** Material for this task follows **

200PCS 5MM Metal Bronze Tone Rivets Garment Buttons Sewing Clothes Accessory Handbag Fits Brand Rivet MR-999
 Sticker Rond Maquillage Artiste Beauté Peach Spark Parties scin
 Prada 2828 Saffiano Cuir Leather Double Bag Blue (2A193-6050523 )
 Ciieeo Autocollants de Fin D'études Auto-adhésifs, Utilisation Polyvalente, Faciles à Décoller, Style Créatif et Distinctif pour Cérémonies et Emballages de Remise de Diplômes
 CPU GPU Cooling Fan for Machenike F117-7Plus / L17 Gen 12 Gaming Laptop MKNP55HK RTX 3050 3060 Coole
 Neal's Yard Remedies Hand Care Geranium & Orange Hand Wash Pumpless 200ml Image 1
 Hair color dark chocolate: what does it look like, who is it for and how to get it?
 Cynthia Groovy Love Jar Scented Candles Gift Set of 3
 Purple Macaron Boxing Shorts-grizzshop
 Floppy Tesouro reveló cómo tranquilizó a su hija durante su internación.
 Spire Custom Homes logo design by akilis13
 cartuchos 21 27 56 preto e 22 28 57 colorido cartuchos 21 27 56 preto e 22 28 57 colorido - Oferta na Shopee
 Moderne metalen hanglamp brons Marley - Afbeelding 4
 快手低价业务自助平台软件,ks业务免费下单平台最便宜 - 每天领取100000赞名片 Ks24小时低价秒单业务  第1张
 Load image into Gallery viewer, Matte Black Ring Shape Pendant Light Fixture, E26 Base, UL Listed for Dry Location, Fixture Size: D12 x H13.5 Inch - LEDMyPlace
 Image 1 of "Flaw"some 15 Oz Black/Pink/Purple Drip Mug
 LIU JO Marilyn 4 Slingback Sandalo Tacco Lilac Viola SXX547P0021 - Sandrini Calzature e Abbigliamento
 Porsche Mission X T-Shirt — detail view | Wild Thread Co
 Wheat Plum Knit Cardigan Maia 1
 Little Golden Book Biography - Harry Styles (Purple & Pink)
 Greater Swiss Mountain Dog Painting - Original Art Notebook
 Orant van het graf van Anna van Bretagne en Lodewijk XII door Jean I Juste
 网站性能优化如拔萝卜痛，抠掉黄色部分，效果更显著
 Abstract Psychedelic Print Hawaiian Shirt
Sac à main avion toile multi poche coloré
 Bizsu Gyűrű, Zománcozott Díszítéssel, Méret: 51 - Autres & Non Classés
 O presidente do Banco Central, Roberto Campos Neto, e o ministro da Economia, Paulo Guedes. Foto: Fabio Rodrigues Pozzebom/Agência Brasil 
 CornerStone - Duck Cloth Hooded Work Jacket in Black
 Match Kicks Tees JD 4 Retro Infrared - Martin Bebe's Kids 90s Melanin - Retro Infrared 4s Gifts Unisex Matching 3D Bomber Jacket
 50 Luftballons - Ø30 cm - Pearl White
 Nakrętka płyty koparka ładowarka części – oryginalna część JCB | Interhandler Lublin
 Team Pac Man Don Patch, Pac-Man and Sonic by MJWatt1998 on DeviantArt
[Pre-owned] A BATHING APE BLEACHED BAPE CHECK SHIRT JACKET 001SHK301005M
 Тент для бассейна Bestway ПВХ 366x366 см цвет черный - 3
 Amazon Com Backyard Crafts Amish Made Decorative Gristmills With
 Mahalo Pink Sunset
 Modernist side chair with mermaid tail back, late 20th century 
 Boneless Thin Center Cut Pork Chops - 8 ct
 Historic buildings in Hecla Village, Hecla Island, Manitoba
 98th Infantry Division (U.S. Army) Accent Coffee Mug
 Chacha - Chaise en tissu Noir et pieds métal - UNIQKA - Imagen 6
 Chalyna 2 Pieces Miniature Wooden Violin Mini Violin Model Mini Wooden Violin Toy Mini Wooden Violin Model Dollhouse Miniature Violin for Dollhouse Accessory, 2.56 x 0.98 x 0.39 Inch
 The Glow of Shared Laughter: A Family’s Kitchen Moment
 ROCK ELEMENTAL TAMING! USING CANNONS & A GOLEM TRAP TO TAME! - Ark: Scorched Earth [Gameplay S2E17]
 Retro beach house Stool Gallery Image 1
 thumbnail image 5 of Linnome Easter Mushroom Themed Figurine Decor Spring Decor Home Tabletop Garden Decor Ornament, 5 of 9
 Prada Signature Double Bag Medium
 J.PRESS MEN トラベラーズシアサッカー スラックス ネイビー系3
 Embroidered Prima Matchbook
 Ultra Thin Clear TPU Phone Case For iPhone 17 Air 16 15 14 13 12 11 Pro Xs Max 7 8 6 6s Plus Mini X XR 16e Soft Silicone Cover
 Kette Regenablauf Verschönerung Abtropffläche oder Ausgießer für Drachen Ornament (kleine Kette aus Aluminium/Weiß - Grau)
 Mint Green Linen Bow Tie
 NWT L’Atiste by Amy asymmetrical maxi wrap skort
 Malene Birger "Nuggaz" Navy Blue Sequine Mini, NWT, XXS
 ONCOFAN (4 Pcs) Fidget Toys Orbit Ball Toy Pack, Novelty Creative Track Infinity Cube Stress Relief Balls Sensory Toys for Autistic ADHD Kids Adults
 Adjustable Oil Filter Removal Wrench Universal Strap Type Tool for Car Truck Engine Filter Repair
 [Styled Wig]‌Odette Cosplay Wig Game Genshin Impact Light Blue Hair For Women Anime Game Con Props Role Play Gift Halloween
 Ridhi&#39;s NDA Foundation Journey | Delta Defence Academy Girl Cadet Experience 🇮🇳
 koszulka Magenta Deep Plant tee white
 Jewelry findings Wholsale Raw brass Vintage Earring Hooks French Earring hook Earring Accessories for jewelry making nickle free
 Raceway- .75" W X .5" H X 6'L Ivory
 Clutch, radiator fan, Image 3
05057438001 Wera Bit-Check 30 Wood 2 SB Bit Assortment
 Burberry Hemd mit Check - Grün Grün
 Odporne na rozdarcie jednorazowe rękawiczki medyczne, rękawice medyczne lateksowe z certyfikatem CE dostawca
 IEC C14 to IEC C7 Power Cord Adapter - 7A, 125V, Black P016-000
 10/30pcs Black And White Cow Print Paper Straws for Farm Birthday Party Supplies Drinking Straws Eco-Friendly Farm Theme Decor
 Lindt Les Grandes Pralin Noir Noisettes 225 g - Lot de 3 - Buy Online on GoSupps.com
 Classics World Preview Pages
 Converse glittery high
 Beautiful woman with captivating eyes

** End of Material for this task **

## What the task asks
Repeat, word for word, the lines above between the line holding "Black/Pink/Purple Drip Mug" and the line holding "Boneless Thin Center Cut Pork Chops - 8 ct", inclusive; omit everything else.

## Answer section
 Image 1 of "Flaw"some 15 Oz Black/Pink/Purple Drip Mug
 LIU JO Marilyn 4 Slingback Sandalo Tacco Lilac Viola SXX547P0021 - Sandrini Calzature e Abbigliamento
 Porsche Mission X T-Shirt — detail view | Wild Thread Co
 Wheat Plum Knit Cardigan Maia 1
 Little Golden Book Biography - Harry Styles (Purple & Pink)
 Greater Swiss Mountain Dog Painting - Original Art Notebook
 Orant van het graf van Anna van Bretagne en Lodewijk XII door Jean I Juste
 网站性能优化如拔萝卜痛，抠掉黄色部分，效果更显著
 Abstract Psychedelic Print Hawaiian Shirt
Sac à main avion toile multi poche coloré
 Bizsu Gyűrű, Zománcozott Díszítéssel, Méret: 51 - Autres & Non Classés
 O presidente do Banco Central, Roberto Campos Neto, e o ministro da Economia, Paulo Guedes. Foto: Fabio Rodrigues Pozzebom/Agência Brasil 
 CornerStone - Duck Cloth Hooded Work Jacket in Black
 Match Kicks Tees JD 4 Retro Infrared - Martin Bebe's Kids 90s Melanin - Retro Infrared 4s Gifts Unisex Matching 3D Bomber Jacket
 50 Luftballons - Ø30 cm - Pearl White
 Nakrętka płyty koparka ładowarka części – oryginalna część JCB | Interhandler Lublin
 Team Pac Man Don Patch, Pac-Man and Sonic by MJWatt1998 on DeviantArt
[Pre-owned] A BATHING APE BLEACHED BAPE CHECK SHIRT JACKET 001SHK301005M
 Тент для бассейна Bestway ПВХ 366x366 см цвет черный - 3
 Amazon Com Backyard Crafts Amish Made Decorative Gristmills With
 Mahalo Pink Sunset
 Modernist side chair with mermaid tail back, late 20th century 
 Boneless Thin Center Cut Pork Chops - 8 ct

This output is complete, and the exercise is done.